Whether misoprostol prevents the complications of NSAID-induced ulceration awaits further study. However, compared with placebo, misoprostol significantly reduced recurrent bleeding in hospitalised patients with gastrointestinal haemorrhage. Misoprostol 800Mg daily is effective in the treatment of NSAID-induced gastroduodenal ulceration even when NSAID therapy is continued.
Diarrhoea is the most common adverse event associated with misoprostol therapy. The incidence of diarrhoea is dose-proportional and is generally mild and self-limiting, seldom necessitating withdrawal of misoprostol therapy. To minimise the risk of diarrhoea, it is recommended that misoprostol be taken with food. Misoprostol has abortifacient potential and as such is con-traindicated in pregnant women or those wishing to become pregnant. Adequate contraception must be used by women of child-bearing potential taking misoprostol.
Misoprostol prophylaxis has been subjected to cost-benefit, cost-effectiveness and cost-utility analyses. Most studies have assessed the economic considerations of misoprostol as prevention for gastric ulcer only. Cost-benefit studies have generally demonstrated that 3-month misoprostol prophylaxis against gastric ulcer is cost-saving in patients with osteoarthritis being treated with NSAID therapy, although these analyses have been sensitive to changes in misoprostol acquisition costs, silent ulcer rates and patients’ compliance. Importantly, misoprostol prophylaxis was consistently economically beneficial in elderly patients (aged >60 to 65 years) regardless of the initial assumptions made.

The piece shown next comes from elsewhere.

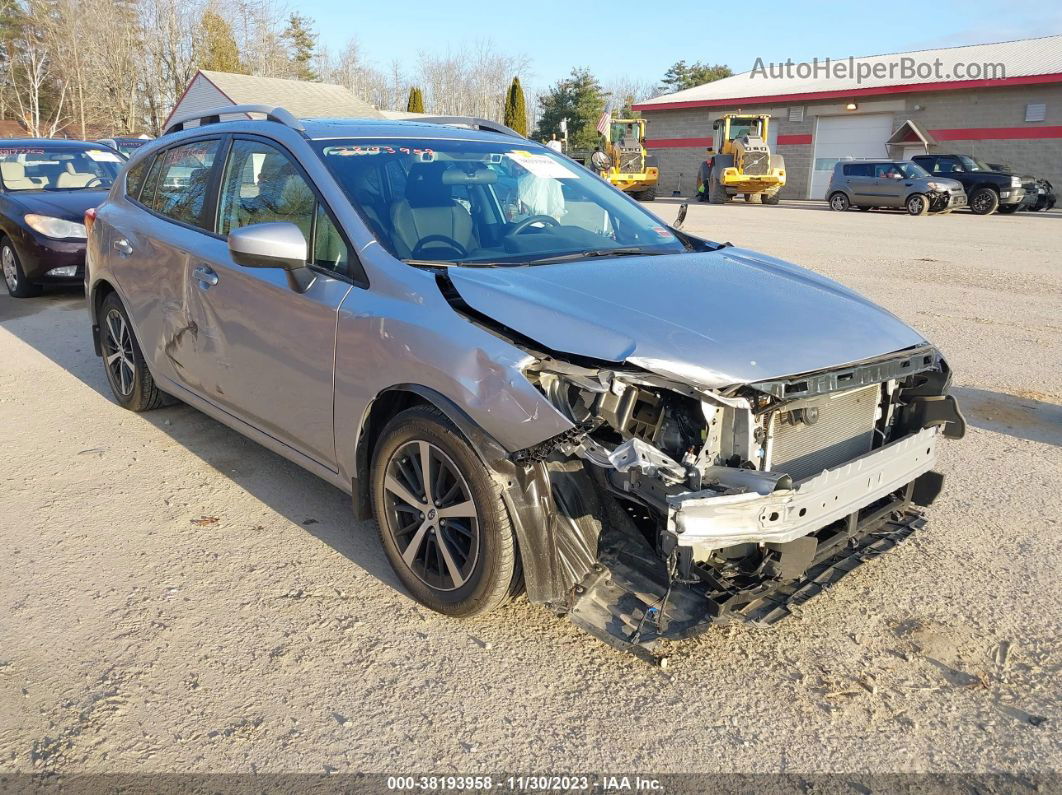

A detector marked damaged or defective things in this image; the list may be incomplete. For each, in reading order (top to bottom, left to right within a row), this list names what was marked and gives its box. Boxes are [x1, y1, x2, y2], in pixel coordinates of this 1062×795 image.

The cost-effectiveness of 1-year prophylaxis with misoprostol against the complications of NSAID-induced ulceration demonstrated that misoprostol is most cost-effective in elderly patients (>60 years). Misoprostol has maximum cost-effectiveness when used as secondary prophylaxis of NSAID-induced ulcer complications in ‘high risk’ patient groups, including elderly patients and patients with rheumatoid arthritis. In a Canadian study, misoprostol was cost-effective in elderly and ‘high-risk’ patient groups.
One cost-utility analysis in 60 patients found that misoprostol prophylaxis reduced the patients’ quality of life because of the occurrence of diarrhoea. The effect of withdrawal of NSAID therapy on quality of life in this group was not determined.
Thus, misoprostol therapy is considered to be most cost-saving when used in elderly patients (>60 to 65 years) needing continued NSAID therapy.